Two vectors in, one scalar out
Let V be a finite-dimensional vector space over a field K. A bilinear form is a map B : V × V → K that is linear in each argument separately: B(au + a'u', w) = a·B(u, w) + a'·B(u', w), and the same on the right. It is a special bilinear map — the codomain is the ground field itself. The dot product on ℝⁿ is the prototype: B(x, y) = x₁y₁ + ⋯ + xₙyₙ. But there are many others, and the whole point of this track is to classify them.
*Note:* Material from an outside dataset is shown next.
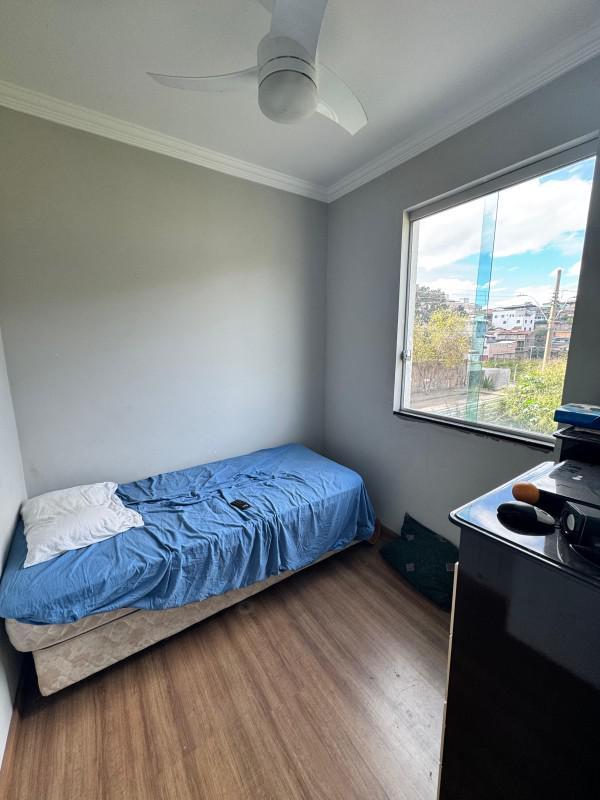 Apartamento, Tirol (barreiro), 2 Quartos, 1 Vaga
Choose a basis e₁, …, eₙ of V. Because B is bilinear, it is completely determined by the n² numbers aᵢⱼ = B(eᵢ, eⱼ). Collect them into a matrix A = (aᵢⱼ), the Gram matrix of B in this basis. Then for column vectors x, y of coordinates, B(x, y) = xᵀ A y. The form and its matrix are interchangeable once a basis is fixed — but the matrix depends on the basis, and that dependence is the heart of the story.
Symmetry and the antisymmetric companion
A form is symmetric if B(u, w) = B(w, u) for all u, w — equivalently, its Gram matrix satisfies Aᵀ = A. It is alternating if B(v, v) = 0 for all v, which forces B(u, w) = −B(w, u). Away from characteristic 2 every form splits uniquely as symmetric plus alternating: B = ½(B + Bᵀ) + ½(B − Bᵀ). This track is about the symmetric half; the alternating half is the world of the alternating form and symplectic geometry. Symmetric is where squares and signatures live.
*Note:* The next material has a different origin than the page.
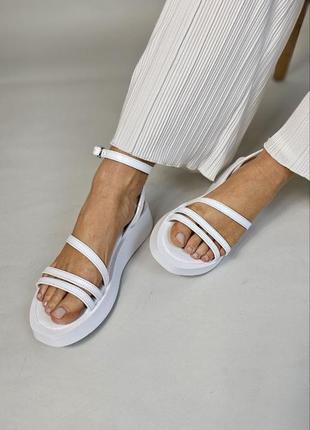 Кожаные белые босоножки сандалии из натуральной кожи1 фото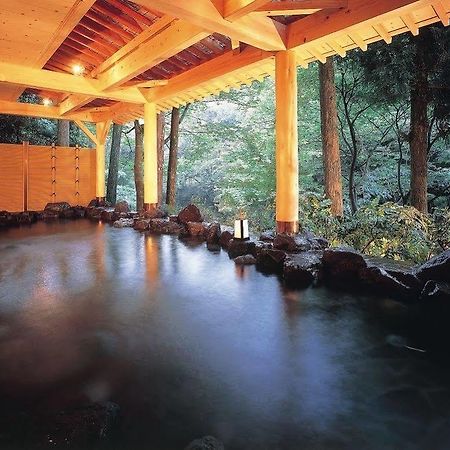 Yamanaka Onsen Shirasagiyu Tawaraya Hotel Кага Екстериор снимка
Now the crucial move: how does the Gram matrix change when we change basis? If the new basis is e'ⱼ = Σᵢ Pᵢⱼ eᵢ with P the (invertible) change-of-basis matrix, then the new coordinates relate by x = P x'. Substituting into B(x, y) = xᵀ A y gives B = (Px')ᵀ A (Py') = x'ᵀ (Pᵀ A P) y'. So the new Gram matrix is A' = Pᵀ A P — not P⁻¹ A P. This is *congruence*, not similarity.
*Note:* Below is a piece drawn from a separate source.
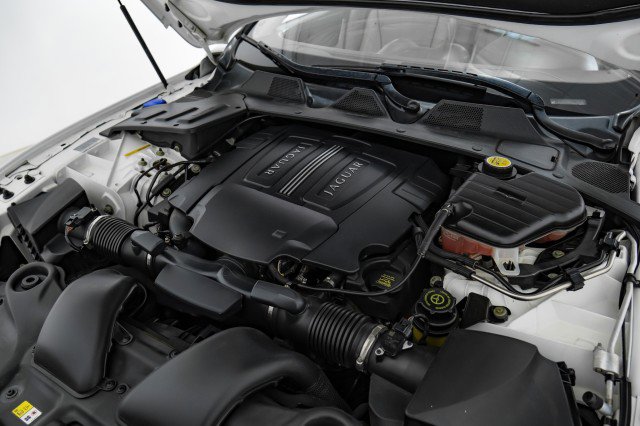Used 2012 Jaguar XJ L image 49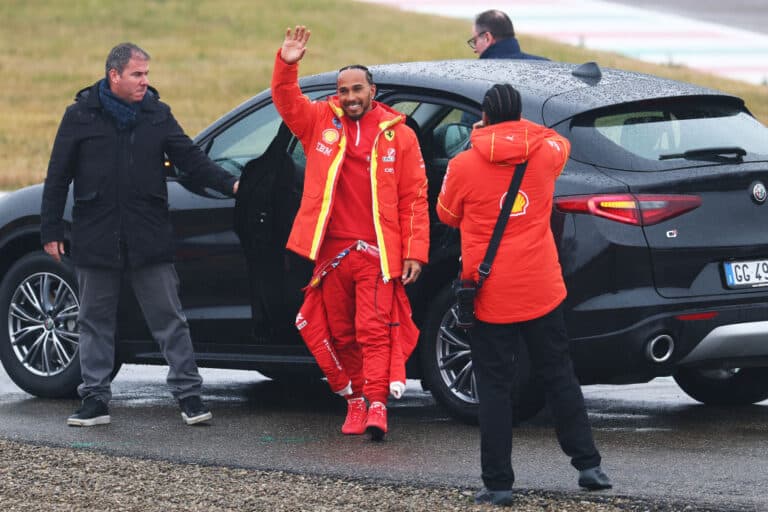 F1-kuskien kauden palkat julki – näin paljon Lewis Hamilton tienaa Ferrarilla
Same form, two bases, two Gram matrices.
Let B(x, y) = x1*y1 + x1*y2 + x2*y1 + 2*x2*y2 on R^2.
In the standard basis its Gram matrix is
A = [1, 1; 1, 2] (symmetric: A^T = A)
Change basis with P = [1, -1; 0, 1] (so e1' = e1, e2' = -e1 + e2).
Congruence:
A' = P^T A P
= [1, 0; -1, 1] [1, 1; 1, 2] [1, -1; 0, 1]
= [1, 0; -1, 1] [1, 0; 1, 1]
= [1, 0; 0, 1]
The SAME form is now the plain dot product. We "completed the square":
B = (x1 + x2)^2 + x2^2 in the new coordinates.
Note det A = 1 and det A' = 1: congruence multiplies det by (det P)^2 = 1.
Similarity P^{-1} A P would have given [3, 1; -2, 0] -- NOT symmetric.Congruence is the equivalence we care about
Two symmetric matrices A and A' are congruent if A' = PᵀAP for some invertible P. This is exactly the relation “same form, different basis”. So classifying symmetric bilinear forms up to change of basis means classifying symmetric matrices up to congruence. Notice congruence cannot change the rank (P is invertible) and multiplies the determinant by a nonzero square (det P)². Over the reals it also cannot change the sign of the determinant — a first hint of the signature waiting in Guide 3.